In Teheran konnten die besonders linientreuen »Prinzipialisten« alle 30 Parlamentssitze des dortigen Wahlkreises gewinnen. Die Hauptstadt wies allerdings die niedrigste Wahlbeteiligung im Land auf, nach offiziellen Angaben hat dort nur ein Viertel der Wahlberechtigten gewählt. Dabei hatte man noch am Wahltag das Ende der Stimmabgabe um sechs Stunden herausgezögert. Damit ist diese Wahl genau nicht zu dem geworden, als das Khamenei sie zuvor beschworen hatte: ein Zeichen der Stärke des Iran. Ein »starkes Parlament«, von dem Khamenei fabulierte, ist in den Machtstrukturen der Islamischen Republik gar nicht vorgesehen.
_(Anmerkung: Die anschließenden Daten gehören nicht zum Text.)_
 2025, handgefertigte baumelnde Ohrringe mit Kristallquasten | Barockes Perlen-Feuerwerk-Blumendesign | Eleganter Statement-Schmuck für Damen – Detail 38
Das neue Parlament ist in seiner Geschlossenheit geradezu ein Zeichen der Schwäche und des Niedergangs. Die Rolle der »Reformer« und »Moderaten« war es ja immer, die Hoffnung auf einen allmählichen Wandel zu erhalten und Pluralität vorzutäuschen. Diese einst wichtige Fraktion hat im System der Islamischen Republik keine Bedeutung mehr.
So machtlos und systemtreu die Unterstützer des »moderaten« Präsidenten Hassan Rohani auch immer waren, das Regime hat in seiner fundamentalen Krise den Entschluss gefasst, die Reihen fest zu schließen. Noch nie war die Zahl der nicht zugelassenen Kandidaten so hoch wie diesmal, allein 90 der 290 Abgeordneten durften sich nicht zur Wiederwahl stellen. Dabei hatten die »Reformer« zuletzt noch einmal deutlich gemacht, wes Geistes Kind sie sind: Ließ die so offensichtlich manipulative Kandidatenauslese sogar erste leise Drohungen mit Boykottaufrufen bei den »Reformern« aufkommen, während Rohani anfangs warnte, wenn nur noch Kandidaten einer Partei zur Wahl stünden, sei das keine Wahl mehr, rief man zum Schluss brav zur Wahlteilnahme auf. Auch Rohani ließ sich beim Einwerfen eines Wahlzettels fotografieren, auf dem vor allem solche Kandidaten zur Auswahl standen, die ihn in seinen letzten verbleibenden Monaten im Amt noch einflussloser machen werden, als das ohnehin schon der Fall ist.
Es bleibt nur noch die Wahl eines entsprechenden Hardliners zum Präsidenten im kommenden Jahr, wofür allein schon die Auswahl der Kandidaten durch den Expertenrat sorgen könnte, und die Transformation der Islamischen Republik Iran zu einer offenen Diktatur ist vollendet. Die Herrschaft des Obersten Führers Ali Khamenei und der Revolutionsgarden zeigt sich immer unverhüllter, während die soziale Basis des Establishments kleiner wird. Die Belastbarkeit und vergleichsweise hohe Flexibilität der Islamischen Republik Iran war der Existenz konkurrierender Machtzentren geschuldet, die miteinander Kompromisse schließen mussten. Damit scheint es nun vorbei zu sein.